Git snapshots everything, they said. Coming from Subversion, this is hard to believe. How would a version control system scale if it stored the entire project state again and again, with each and every commit?

First, let’s do a little experiment on how one might approach version control intuitively, without considering neither Git nor Subversion.

Poor Man’s Version Control

Let’s say we have a project called myapp stored in a directory of that name. All it contains is a main.c file:

myapp
  main.c

Without version control, how would you track changes in order to be able to restore a particular state later? Easy enough, you might say: Just create a copy of the entire myapp directory and call it something like myapp-<version>. After a while, you would end up with a bunch of backup directories:

myapp-01
  main.c
myapp-<...>
  main.c
myapp-<N>
  main.c

To step back to a previous state in history, you might go and replace the entire myapp directory by one of these snapshots created previously.
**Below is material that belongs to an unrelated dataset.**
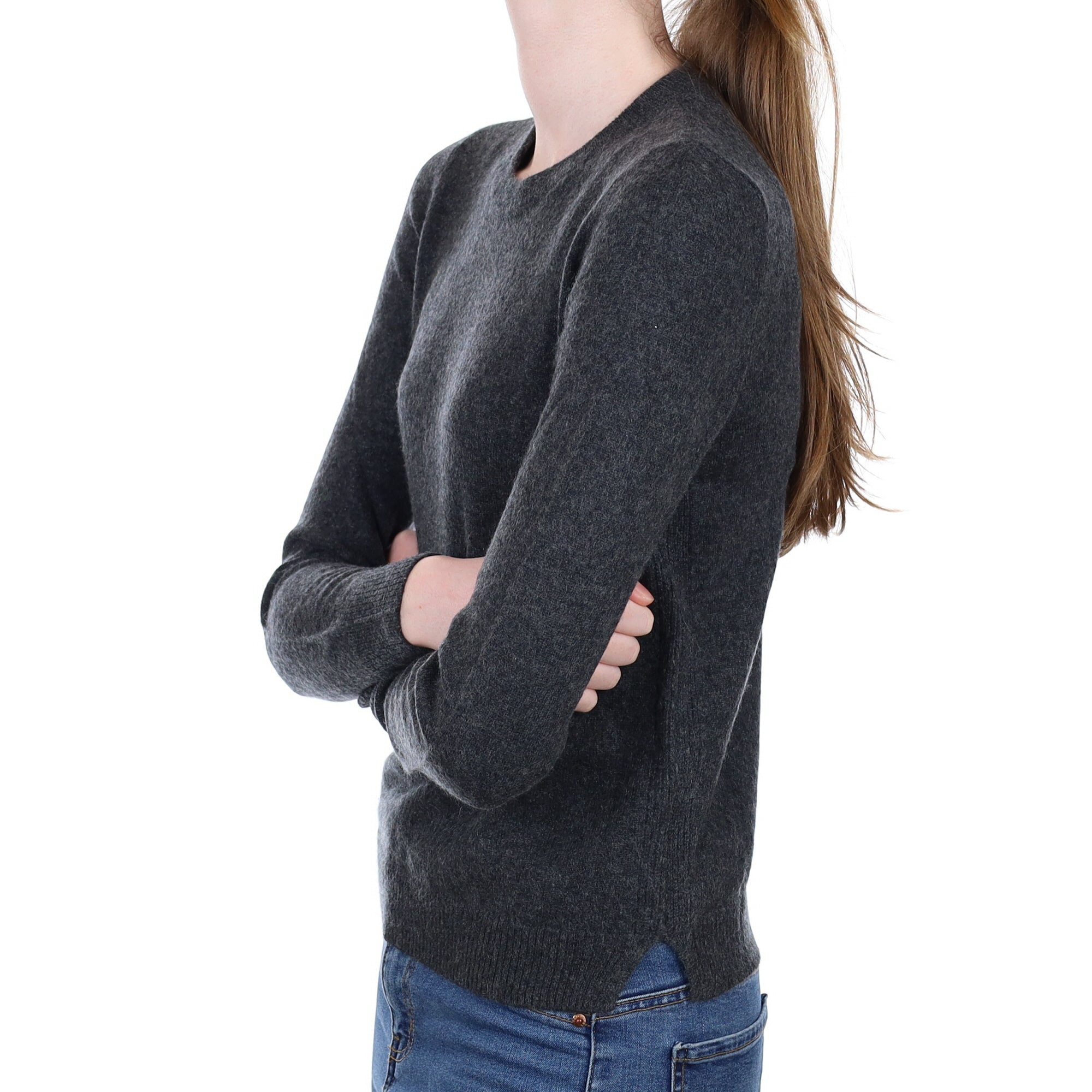 Charcoal Grey Cashmere Crew Neck Jumper Extra Small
In order to avoid wasting space by keeping so much redundant information, you might consider putting everything into a gzipp’ed archive and deleting all the backup directories:

tar -cvzf myapp.tgz myapp-*
rm -r myapp-*

Interestingly, this naive approach is not completely different from the way Git actually works.

How Git does it

Every time you create a commit, Git takes the content of each added or modified file, compresses it and stores it in an internal object database together with a commit object that holds some meta information1. This approach makes it easy to reason about, as it’s no more difficult than what we’ve done in the simple attempt mentioned above.
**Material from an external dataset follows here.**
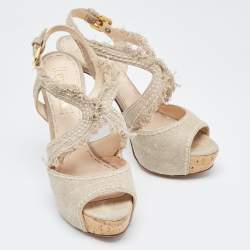Prada Grey Canvas Leather Platform Block Heel Ankle Strap Sandals Size 38.5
You may realize a big drawback here though: Although individual file contents are compressed – which is fine–, even small changes between commits will cause massive duplication inside the object database.

In Git, this scalability problem is simply ignored at the first stage and solved later on. In a process called packing, all the objects are delta compressed and moved into one or more packfiles. This is done on several occasions; you can enforce it using git gc --aggressive.

The drawing below shows a simplified illustration of the storage of compressed file content into blob objects as well as the packfile generation.

Conclusion

Even for everyday Git usage it is vitally important to understand a bit of its inner workings; it’s good to see that the basic idea is not inherently complex but more or less identical with what we might come up with anyway.

This understanding gives us the power to get a grasp of all the more advanced features like branching, merging and rebasing.

References

  1. For all the details please refer to the section Git Objects of the excellent Pro Git book.